C’est d’ailleurs un proche de Charles Pasqua qui le mettra en relation avec Marine Le Pen. En mai 2009, l’ancien député européen Paul-Marie Coûteaux organise un apéro en compagnie de l’actuelle présidente du FN. C’est le début d’une collaboration étroite, les rencontres s’enchaînent. Paul-Marie Coûteaux se souvient d’un dîner chez lui, rue du Vieux-Colombier. Autour d’un sauté de veau et d’une bouteille de Pommard, Marine Le Pen et Florian Philippot discutent du rôle de l’Etat. « L’alchimie était totale », se rappelle l’ancien proche de Pasqua.

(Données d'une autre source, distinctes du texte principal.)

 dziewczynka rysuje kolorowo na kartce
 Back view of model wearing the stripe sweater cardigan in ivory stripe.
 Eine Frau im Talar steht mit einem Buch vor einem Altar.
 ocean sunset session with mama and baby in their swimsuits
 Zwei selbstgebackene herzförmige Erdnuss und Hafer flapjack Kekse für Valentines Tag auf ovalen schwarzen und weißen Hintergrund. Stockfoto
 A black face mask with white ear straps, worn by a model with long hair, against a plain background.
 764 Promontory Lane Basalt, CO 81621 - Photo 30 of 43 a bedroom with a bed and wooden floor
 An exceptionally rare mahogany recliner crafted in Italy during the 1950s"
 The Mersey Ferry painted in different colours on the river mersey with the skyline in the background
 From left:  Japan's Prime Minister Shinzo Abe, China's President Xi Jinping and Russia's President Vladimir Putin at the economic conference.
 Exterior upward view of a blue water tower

Conseillé par Jean-Yves Le Gallou
Deux ans plus tard, Florian Philippot est lancé dans le grand bain lors de la présentation du programme économique du mouvement. Devant un parterre de journalistes, il aligne une longue série de diapositives sur Powerpoint. Alors haut fonctionnaire à l’Inspection générale de l’administration (IGA), qui dépend du ministère de l’Intérieur, il prend une identité d’emprunt. Depuis, il s’est mis en disponibilité et a adhéré au Front national. Dans l’enceinte de l’IGA, ce choix a surpris quasiment tout le monde sauf, Jean-Yves Le Gallou.

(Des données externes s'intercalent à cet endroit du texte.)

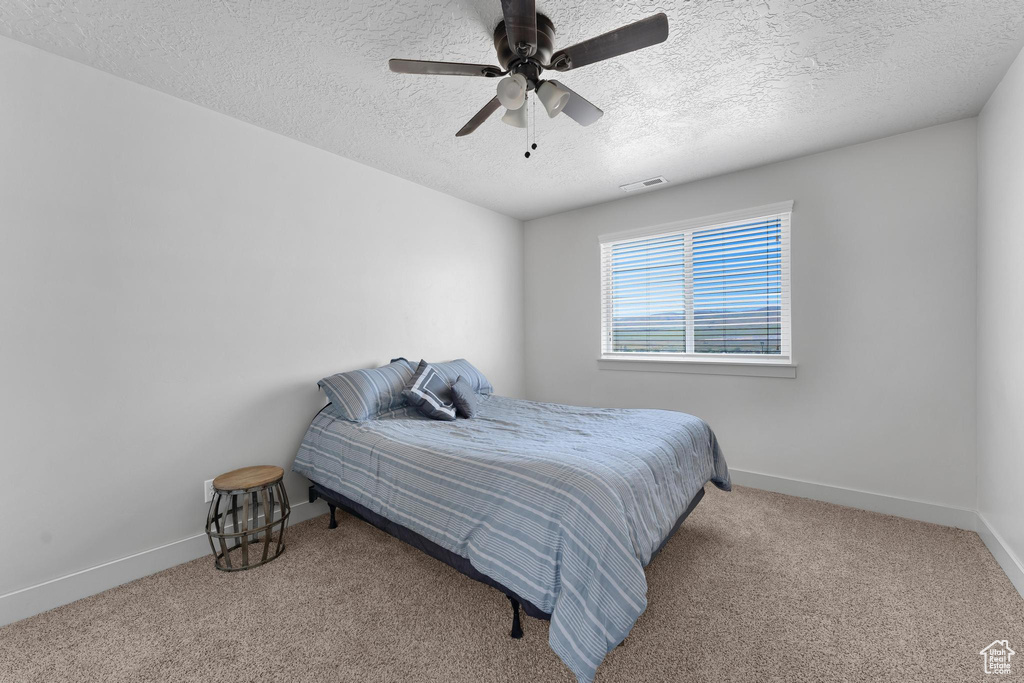 Carpeted bedroom featuring ceiling fan and a textured ceiling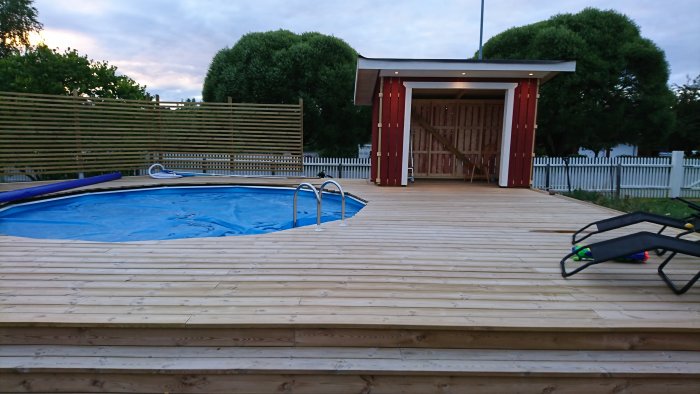 Utomhusvy över en trädäck med pool och rödmålat trädgårdsskjul vid skymningen.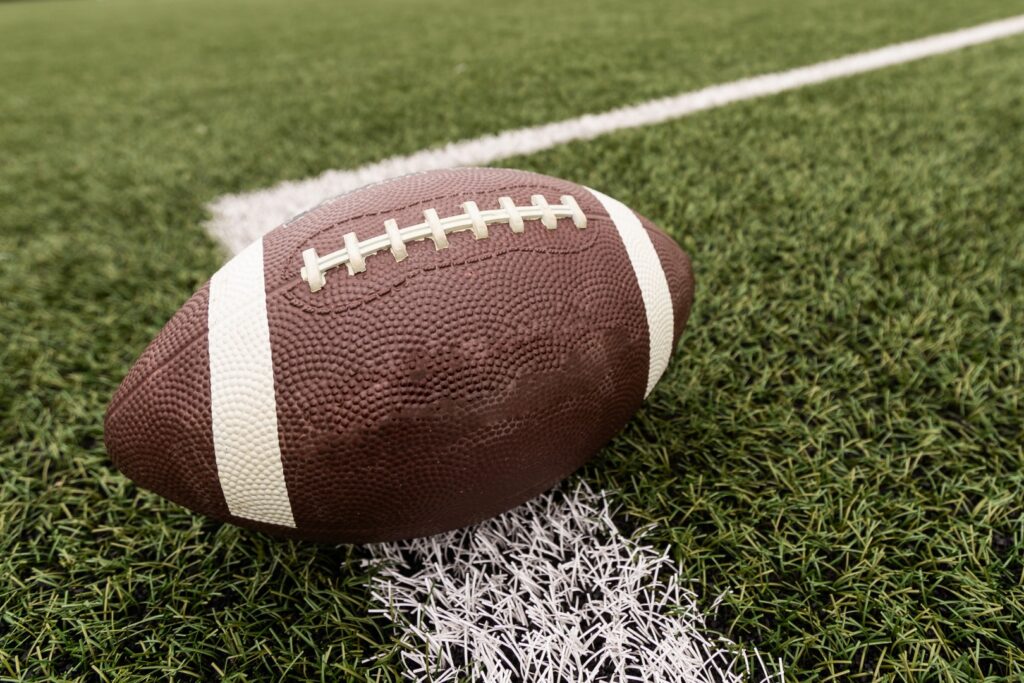 An isolated football close-up on a football field.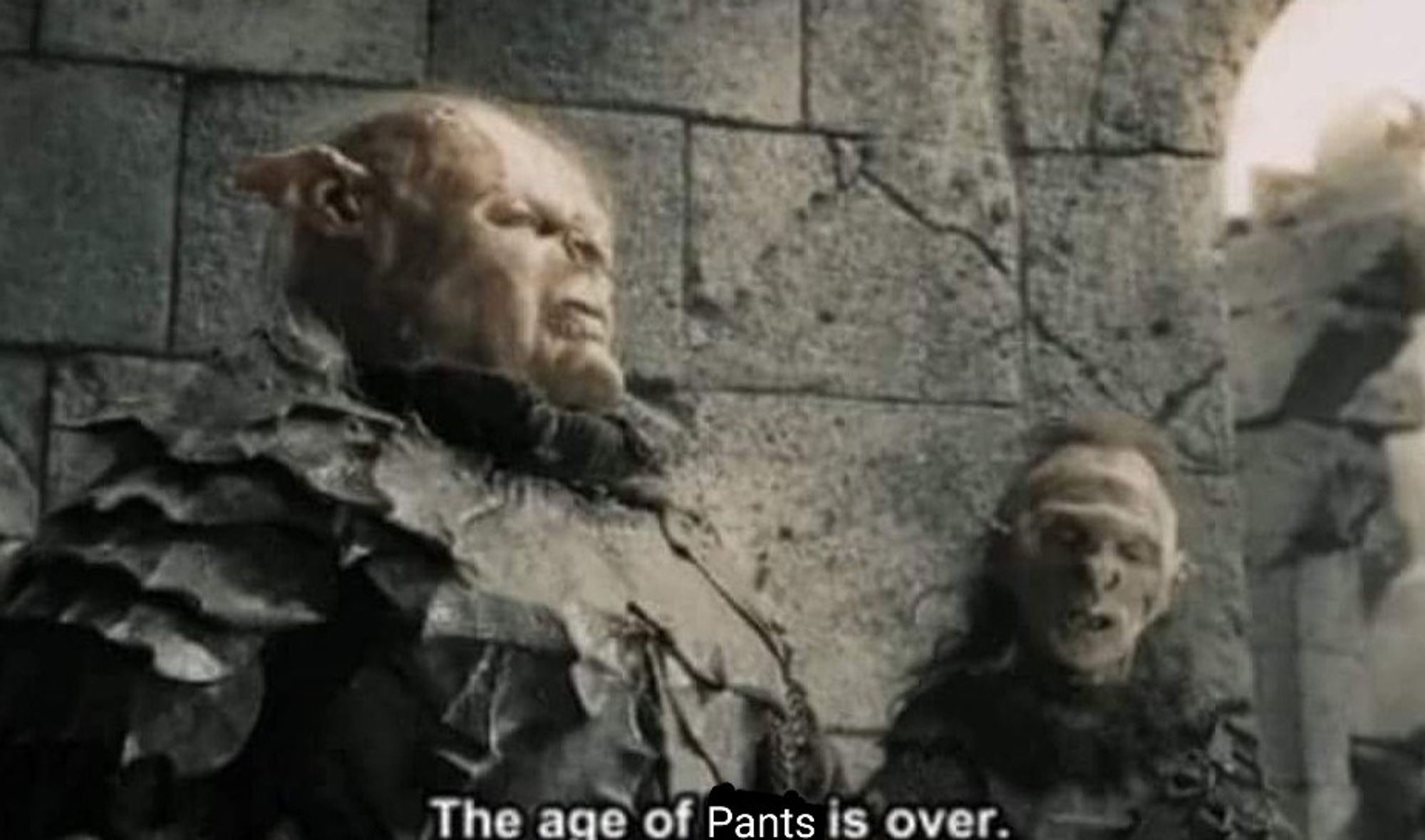 A still from Lord of the Rings. Gothmog, a grotesque orc war leader, is issuing a grand proclamation. (He looks exactly like Harvey Weinstein and this resemblance is intentional on the part of the filmmakers.) 

Subtitle: The age of pants is over.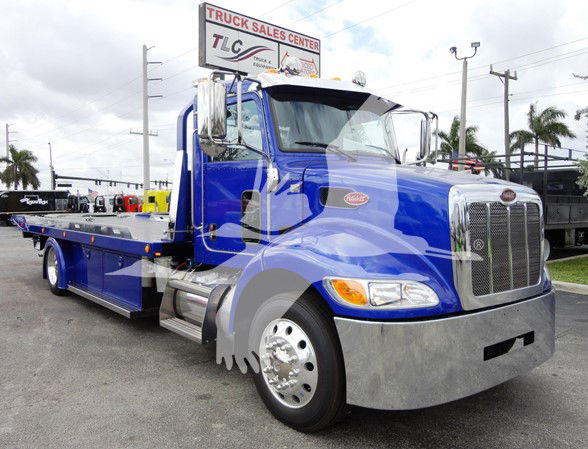 Peterbilt 337 tow truck in blue, front-left view with chrome grille and bumper.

Intellectuel important au sein de la mouvance nationale et identitaire, cet ancien député européen qui a théorisé le fameux concept de « préférence nationale », également passé par l’ENA, siège lui aussi à l’IGA. Quand son jeune collège le prévient de son envie de rejoindre Marine Le Pen, il le met en garde. « Je lui ai dit, ce choix là, c’est irréversible, c’est une traçabilité à vie. C’est comme le ski en haute montagne. Tu as le choix entre une piste verte en continuant tranquillement ta carrière dans la haute administration ou d’arpenter une piste noire beaucoup plus stimulante. Il était déterminé à faire le second choix. Je le comprends »

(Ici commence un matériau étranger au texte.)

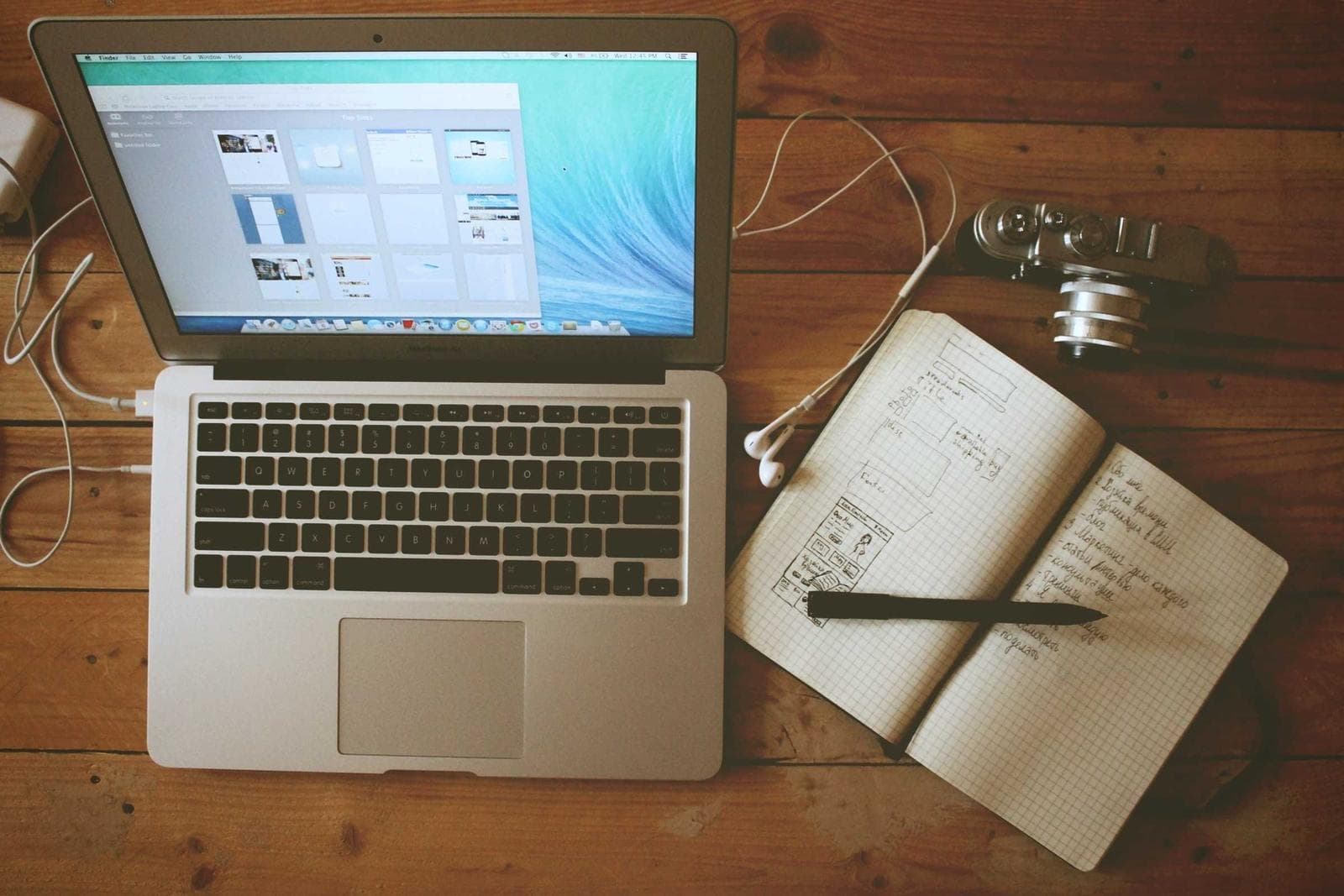 Laptop beside an open notebook with handwritten plans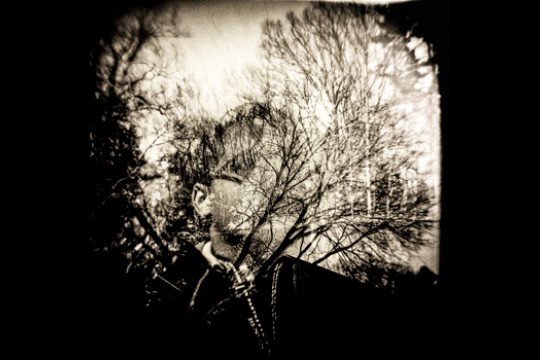 a photograph mixing in the image of a person and tree branches.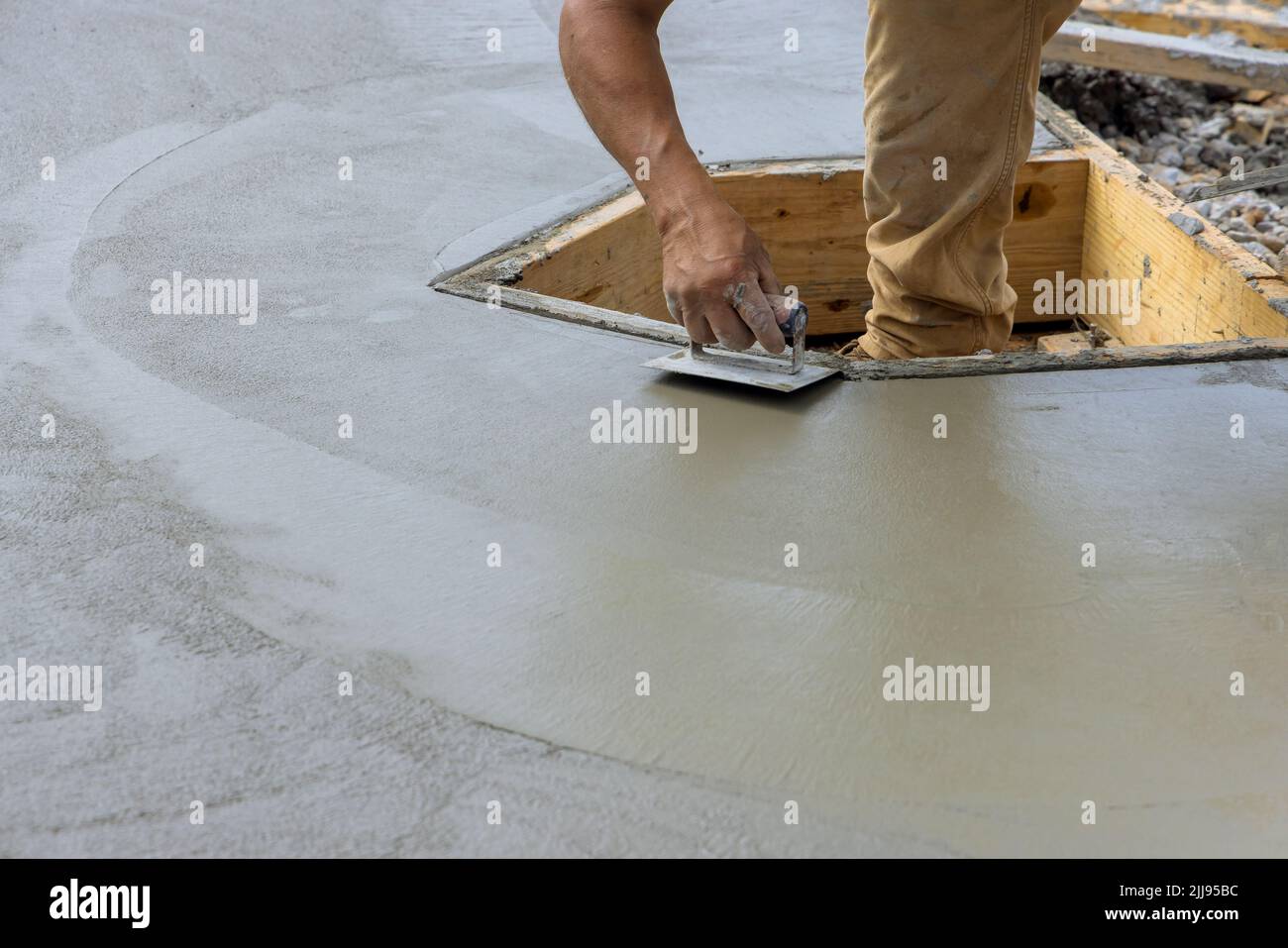 Un ouvrier de la construction utilisant un bord en acier inoxydable sur le ciment humide formant un coin au nouveau plancher de ciment Banque D'Images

Bénéficiant de l’appui inconditionnel de Marine Le Pen, Florian Philippot sait que les histoires d’amour entre le FN et les technocrates se finissent toujours en mélodrame. Ancien élève de Polytechnique, Bruno Mégret avait su multiplier les structures au sein de l’appareil comme d’autres jouent au Lego. Dans un parti qui a toujours préféré la croix de guerre au bicorne, l’ancien numéro 2 du FN avait gagné sa légitimité sur le terrain électoral, ce qui ne l’a pas empêché de disparaître politiquement face à Jean-Marie Le Pen. Aujourd’hui, Florian Philippot sait qu’il possède un jeu beaucoup plus maigre en poche et qu’une éventuelle disgrâce le condamnerait à un hors-piste définitif.